Conversely, the reform strategies which succeeded best were those which were best equipped to answer the "What's in it for me?" question. If you can keep people's focus on the benefit to them, and talk straight to them, it's possible to sell common-sense reforms.
I hope Our Friends In Congress and the White House take this to heart as they consider how to re-package and sell a more highly-targeted health insurance reform strategy. The strategy should be based on using existing structures and programs to solve some of the real problems in the private insurance market and in our public health plans.
There's plenty both parties agree upon. Curbing the most egregious practices of the health insurance industry is a natural place to start; it was the first chapter in both the House and Senate bills. And it's hard to envision even the most flint-hearted conservative objecting to the idea of prohibiting insurers from denying or cutting off health coverage for people who are sick. Most of the House and Senate insurance reforms make sense; only insurers will object to them. Without a mandate that everyone purchase their product, there's nothing in it for them. Too bad...
It's also become common knowledge that the small group and individual health insurance markets are highly dysfunctional: highly-concentrated, inefficient and expensive. Small businesses pay 18-20 percent more for health coverage than larger companies do for the same benefits. Most of that excess cost is attributable to the costs of marketing, selling, and underwriting small group business. 25 to 27 percent of small group health premiums consist of administrative costs; for self-employed individuals, up to 40 percent of premium costs are administrative.
The small group market would benefit from a push for administrative efficiency in the health insurance market, especially through strategies which enable small businesses and self-employed individuals to take advantage of the laws of large numbers in shopping for and purchasing health coverage. Both the House and Senate agree on the potential value of insurance exchanges to encourage competition and administrative efficiency in the small group and individual health markets. There is disagreement only over whether an exchange strategy should be national or state-by-state in its scope.
In the spirit of practicality, I'd suggest we start with a series of federal grants to states which wish to establish either public or private non-profit insurance exchanges. They can be set up quickly, within three years, and have a reasonably good chance of impacting markets at the regional and local levels. Let them collaborate, share services, and merge if they want to.
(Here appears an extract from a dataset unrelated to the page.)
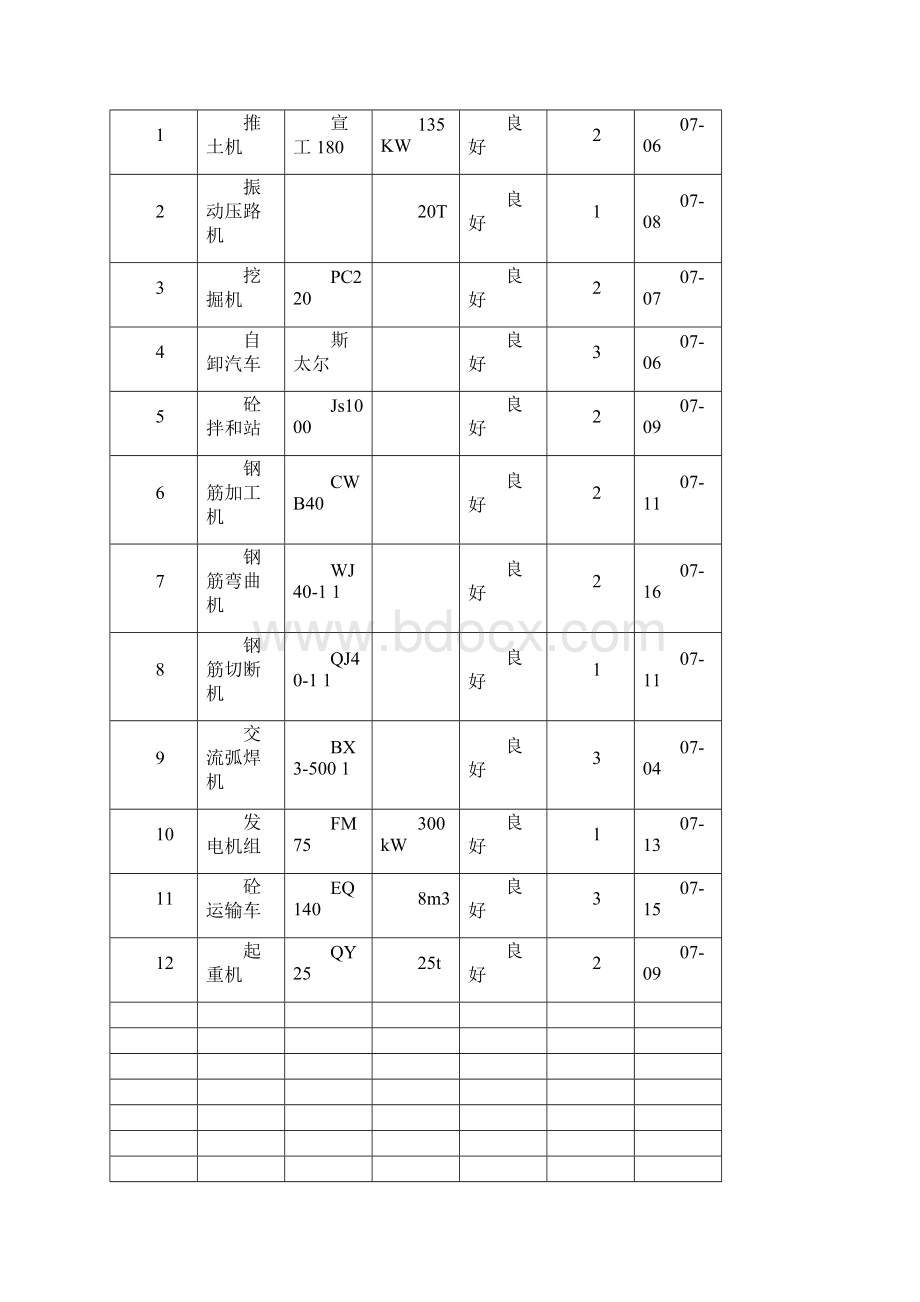 拱涵施工方案.docx_第3页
The most important thing is to use consolidated marketing, selling, purchasing and administration to put just a little more power into the small group customers' hands.
It's also generally agreed upon that the best way to reach the truly most vulnerable Americans is through an expansion of Medicaid. The House and Senate versions disagree merely as to the matter of degree of the expansion.
Finally, a wild card: giving Medicare the right to negotiate with pharmaceutical companies would probably enable Medicare to fill in a lot of the "doughnut hole" without a massive new subsidy.
All these measures would enable proponents to say quite clearly how health care reform will benefit them. All are based on expansions or refinements of ideas on which there is broad agreement.
The results wouldn't be perfect, but they should help our admittedly imperfect health care system to operate a little better, and make health care coverage a little more accessible and affordable.
Give these reforms five years to work. Once we can be assured that just about everyone who wants to obtain health coverage is able to do so, we may need new policy, such as a national mandate or a nationwide exchange, to fill in remaining market gaps.
I think this sort of package also has the benefit of being able to attract either enough bi-partisan support to pass easily, or enough ire toward Republicans who would be seen as obstructing the enactment of even a modest package of common-sense reforms, that it would give the White House the victory it needs.
But I'm not a Washington insider; I'm just a guy from the grass roots of America.